China may be perceived as a global powerhouse in sports today, but that was not always the case. In his lecture, The Idea of China—Looking through the Lens of Global Sport, Guoqi Xu, Professor of History at The University of Hong Kong, positioned sport as a means of self-expression as a nation, or “Chineseness.” The lecture took place at the Asia Global Institute’s offices on February 21. AGI Director Zhiwu Chen delivered the opening remarks.
In his talk, Xu focused on four issues: 1. Sports as an Idea of “I can Compete!” (我能比呀) 2. Sports as vehicle for national representation and the “One China” principle; 3. Sports as a diplomatic tool; and 4. Sports and Chinese dream.
The Chinese word for sport, or tiyu (體育) was a Japanese import that did not appear in China until the late 19th century.
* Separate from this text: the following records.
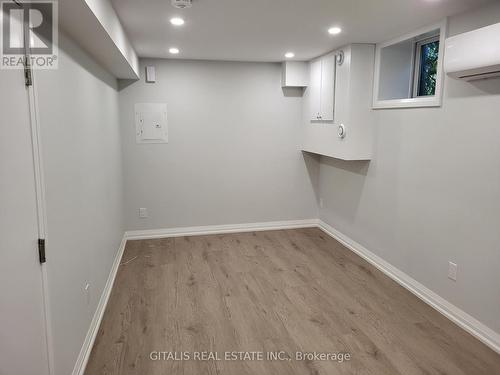 B2 - 195 OAKMOUNT ROAD N , Toronto, Ontario M6P 2N1 2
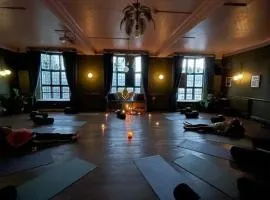 Sleep n Stretch Yoga In the Stars Boutique BnB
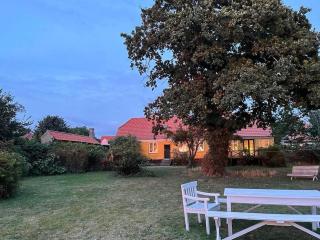 Historic Holiday Home Charm By The Sea In Hasle - Hasle - 0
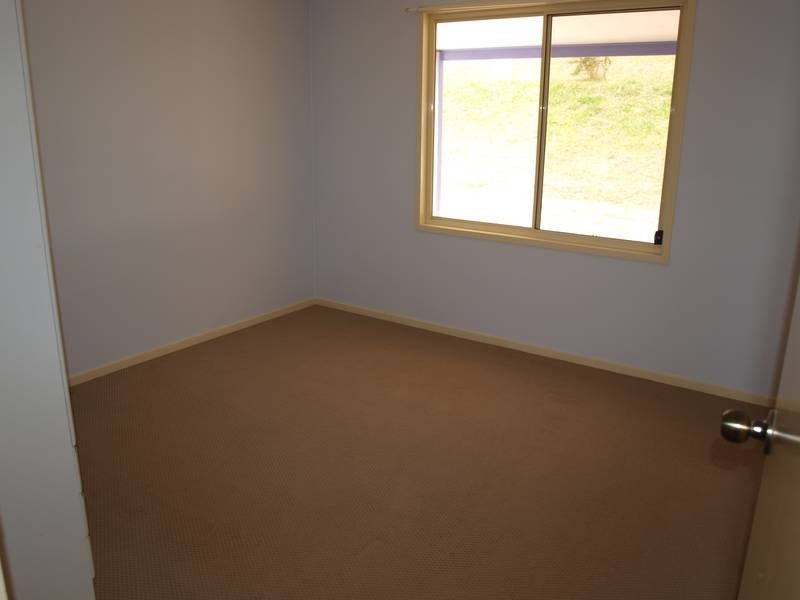 298 Longpoint Drive, Lake Cathie NSW 2445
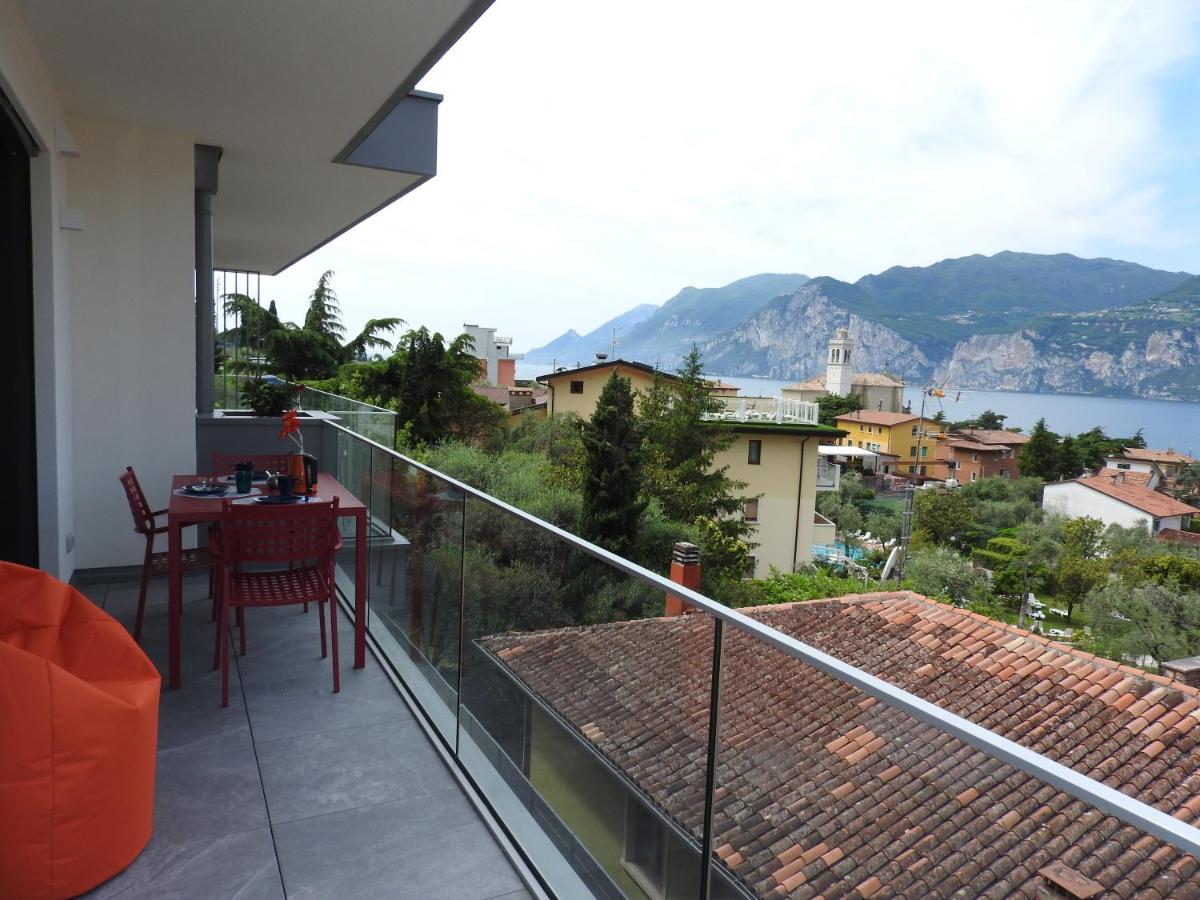 Apartamento Blue Sky Garda - Sunset Malcesine Exterior foto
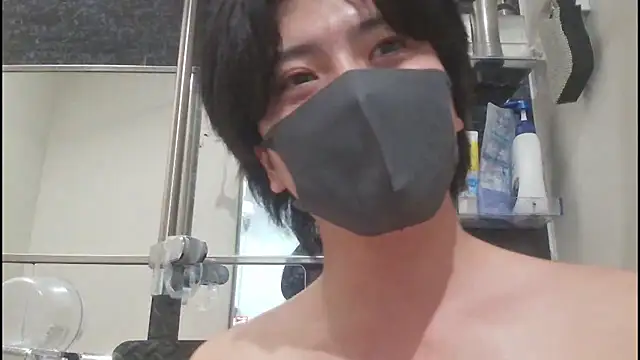 Chat +18 de CHROME-kun925 ao vivo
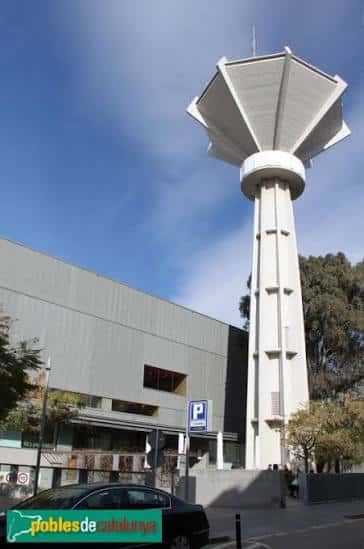 Torre de agua icónica en la Plaza Catalunya de El Prat de Llobregat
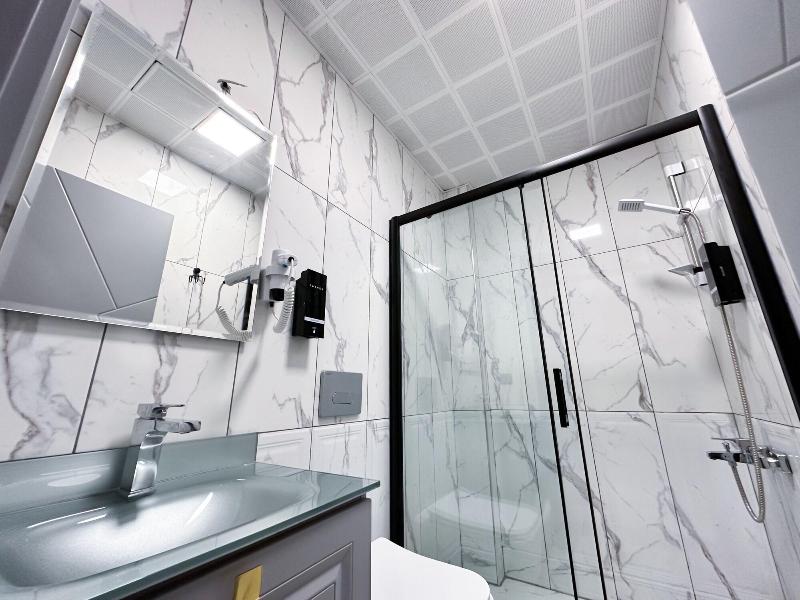 Teker Luxury Hotel image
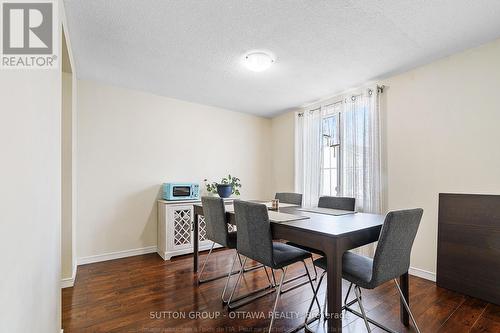 39 - 1803 Axminster Court, Ottawa, ON - Indoor Photo Showing Dining Room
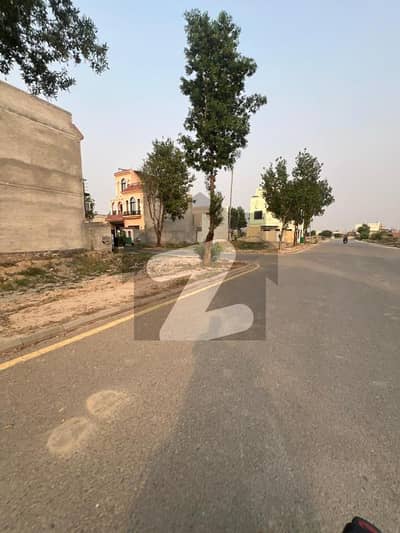 5-Marla Plot Prime Location New Lahore City Phase 3 Near Attached Bahria Town 1 Km Ring Road SL-3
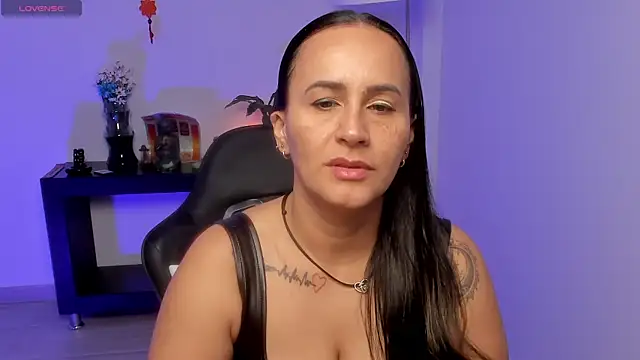 Snapshot of Sara_Charmy chatting on 06.12.26 Sara Charmy online show from 06.12.26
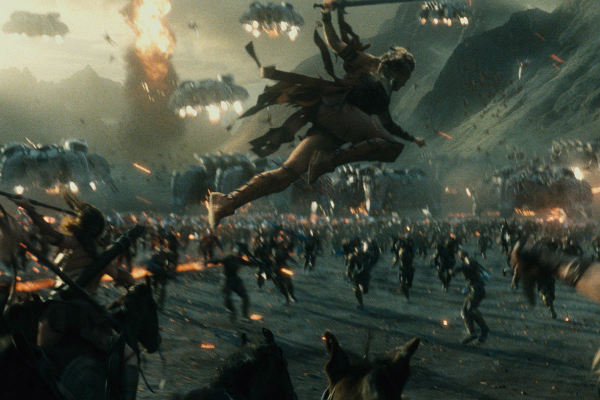 Justice-League-parademons plano critico batalha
Xu suggested that after 1895 when China was defeated by Japan, many of China’s elite no longer considered their country to be the “Middle Kingdom” but as a “Sick man of Asia”. As a result of this, international sports became seen as a vehicle for promoting the idea of “I can Compete!” and for expressing China’s desire to be a fully-fledged member in the family of nations.
Between 1895 to 1948, China’s sports concerns were focused its athletes’ ability to take part in global events such as the Olympic Games, which kicked off in its current form in 1896. The Chinese phrase “I can compete” was also to refer to the Olympiad during this time, and there was a sense that if China could take part in the games, it could take its rightful place in the global community. It was during this early period of China’s Olympic history that that in 1908, it set three goals: to send a team to the Olympics; to win a gold at the Olympics; to host an Olympics.
The Second World War and hostilities between Nationalist and Communist put sports activities on hold and after the communists came to power in 1949, international sports became a battleground for national representation. The 1952 Olympics in Helsinki were a watershed event, Xu said, because it was the only time in Olympic history to date that China and Taiwan were allowed to compete side-by-side as representatives of China. Continued disputes over national representation meant that Beijing had to withdraw from virtually all international sports federations, except the body that governed table tennis. The situation continued until 1979, Taiwan was derecognized, and the PRC, recognized, as China’s official representative by the United Nations. The International Olympic Committee also adopted the “one country, two systems” policy, and Taiwan was renamed “Chinese Taipei” (中華台北), a name change which allowed it to retain access to global sporting events.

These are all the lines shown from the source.